By making field trenches, water runoff is hindered, leading to increased infiltration.


Construction is simple, requiring only basic tools and skills. But, depending on soil conditions, labour can be intensive. Trenches may be adapted to most areas and soil types.


Field trenches increase soil moisture and prevent soil erosion.


Costs depend on the filling material as well as the labour needed. As basic material can be used, there are hardly any expenses for special tools.

Self-help compatibility

As only little material is needed and the construction is comparably simple, trenches may be implemented and maintained without outside help.


Sediment should be removed from the trenches and reapplied to the field uphill the trench. Vegetation may stabilise the trench and therefore decreases the need for repairing.


If construction and maintenance is done well, reliability of trenches is high.

Main strength

Broad suitability: field trenches are useful for most soil conditions.

Main weakness

On-going maintenance is inevitable and can be time consuming.

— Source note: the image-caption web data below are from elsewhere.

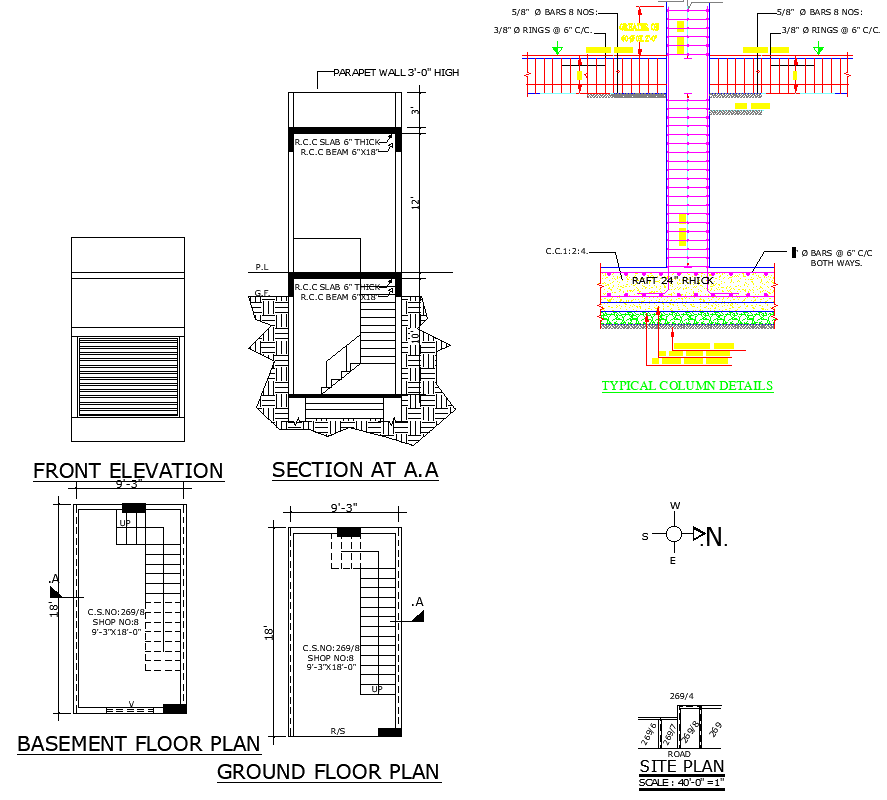 Commercial AutoCAD Plan with 9x18 Shop and 21x48 Go Down Layout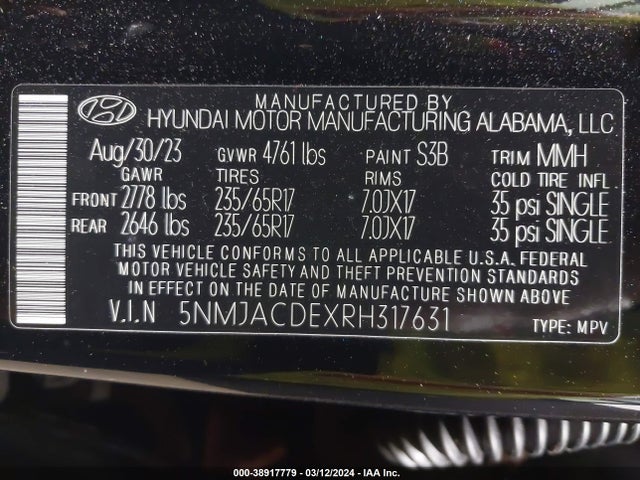 Hyundai TUCSON SE 2024 5NMJACDEXRH317631 Image 9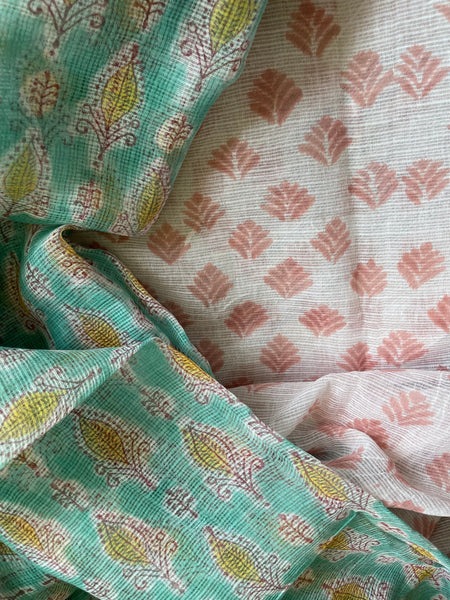 Pastel shade soft kota doria cotton saree with zari border- booti design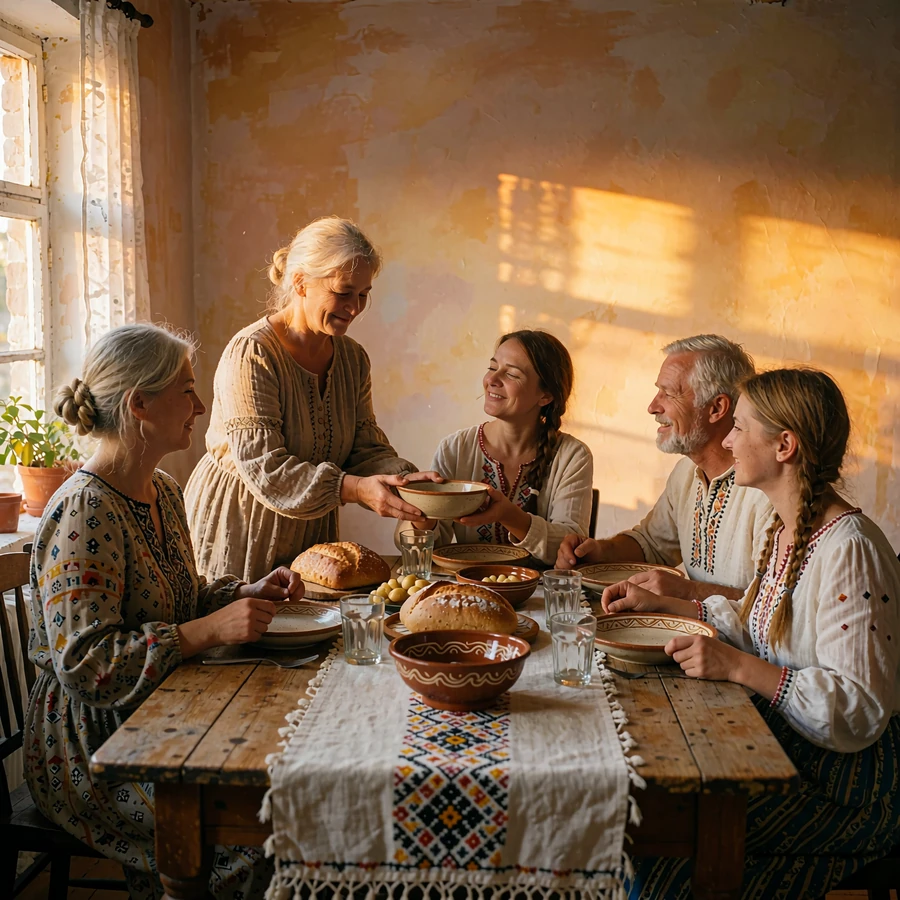 Multigenerational Ukrainian family sharing a home-cooked meal at a wooden table with an embroidered cloth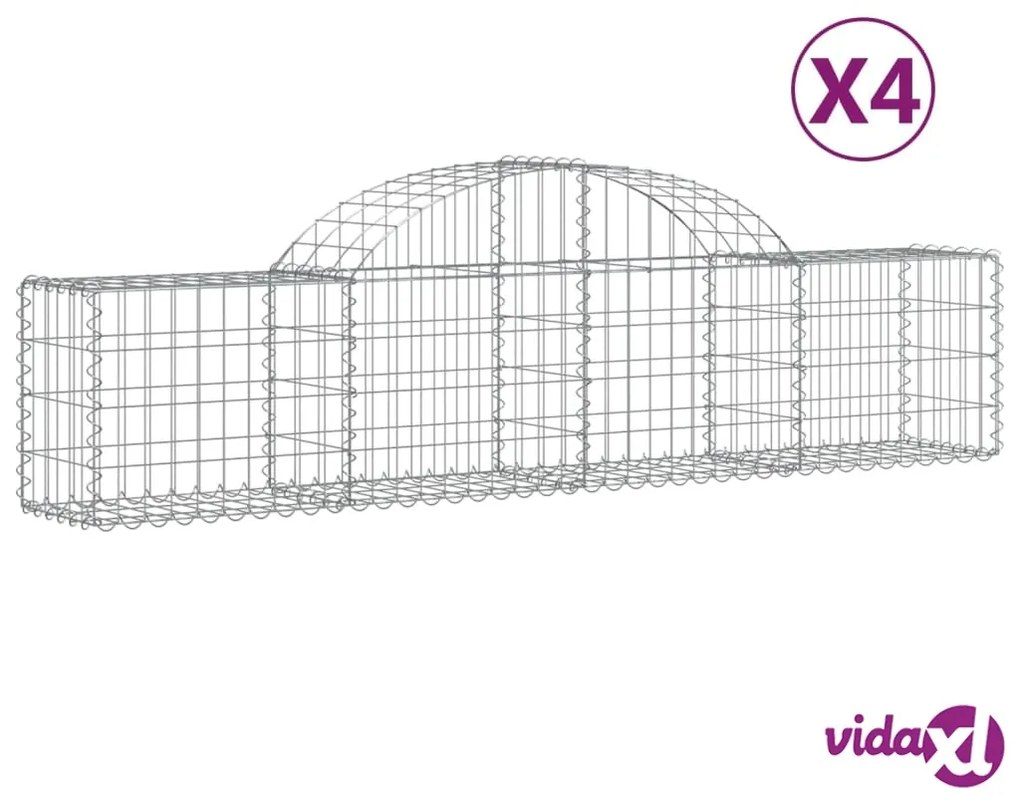 vidaXL Cesti Gabbioni ad Arco 4 pz 200x30x40/60 cm Ferro Zincato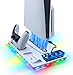 Produktbild Tolesum Vertikale Standfuß mit Kühlung für PS5/Pro/Slim, Dual Controller Ladestation Ständer mit 3 Stufen Lüfter/RGB Licht für PlayStation 5 UHD& Digital /PS5 Slim Disc & Digital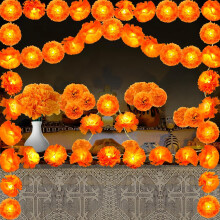 10ft Marigold Garland with 20 LED Lights & 30 Artificial Flowers – Diwali, Day of the Dead, Indian Halloween Decor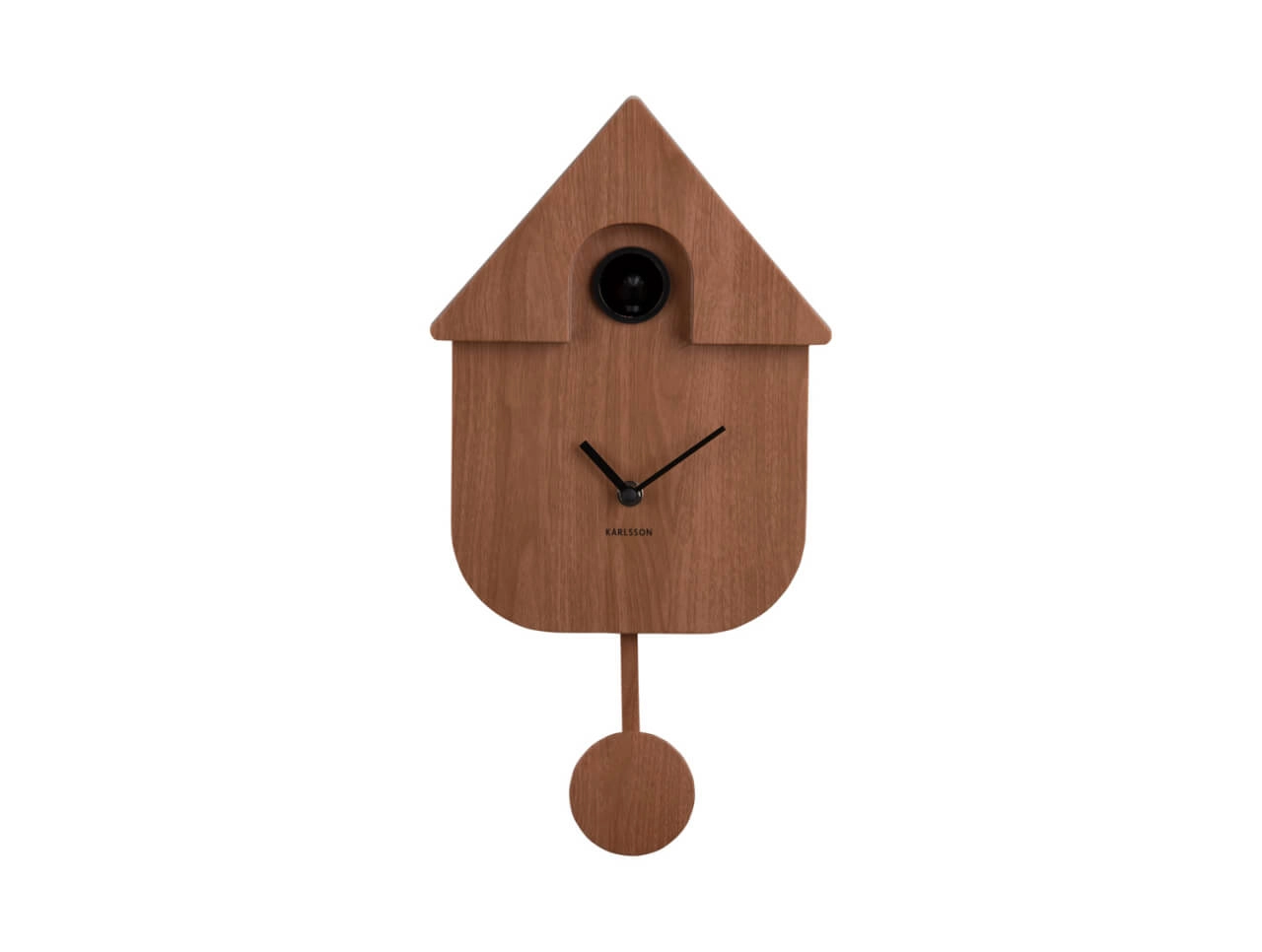 Wall Clock Modern Cuckoo dark wood Karlsson 8714302734175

Field trenches suit most soil and rainfall conditions. Their design may be adapted to different rainfall conditions: While continuous trenches are good for dry regions, interrupted bunds can be helpful for water harvesting in regions with higher rainfall.

Library References

Green Water Management Handbook. Rainwater Harvesting for Agricultural Production and Ecological Sustainability

This handbook highlights the principles and technologies that can be used to harness the huge untapped potential of rainwater. Instead of a stereotyped view focusing only on rivers and groundwater, the book directs readers in recognising rain as the ultimate source of water for food production and other uses in rural economies across Africa.

MALESU, M.M. ; ODUOR, A.R. ; ODHIAMBO, O.J. (2007): Green Water Management Handbook. Rainwater Harvesting for Agricultural Production and Ecological Sustainability. Nairobi: The World Agroforestry Centre URL [Accessed: 13.03.2019] PDF
Further Readings

Rainwater Harvesting Technologies for Small Scale Rainfed Agriculture in Arid and Semi-arid Areas

This paper is a review of simple water harvesting techniques, which have been tested and found useful in arid and semi-arid regions, and which might be suitable for use in other areas. The paper also tries to show some successful cases of application of water harvesting techniques in African countries, which have increased the overall productivity of smallholder farms and hence improved farmers’ livelihood.

IBRAIMO, N. MUNGUAMBE, P. (2007): Rainwater Harvesting Technologies for Small Scale Rainfed Agriculture in Arid and Semi-arid Areas. Maputo: University Eduardo Mondlane URL [Accessed: 13.03.2019] PDF

Water Harvesting

Water harvesting has been practiced successfully for millennia in parts of the world – and some recent interventions have also had significant local impact. Yet water harvesting’s potential remains largely unknown, unacknowledged and unappreciated. These guidelines cover a wide span of technologies from large-scale floodwater spreading to practices that collect and store water from household compounds.

MEKDASCHI STUDER, R. LINIGER, H. (2013): Water Harvesting. Guidelines to Good Practice. Bern/Amsterdam/Wageningen/Rome: Centre for Development and Environment (CDE), Rainwater Harvesting Implementation Network (RAIN), MetaMeta, The International Fund for Agricultural Development (IFAD) URL [Accessed: 12.03.2019] PDF
Case Studies

The Design of Contour Trenches in Vietnam

Master thesis showing scenarios of probable impacts, water flow and additional storage of a contour trench. It further includes recommendations on measurements, and how to attain the best result when implementing a contour trench.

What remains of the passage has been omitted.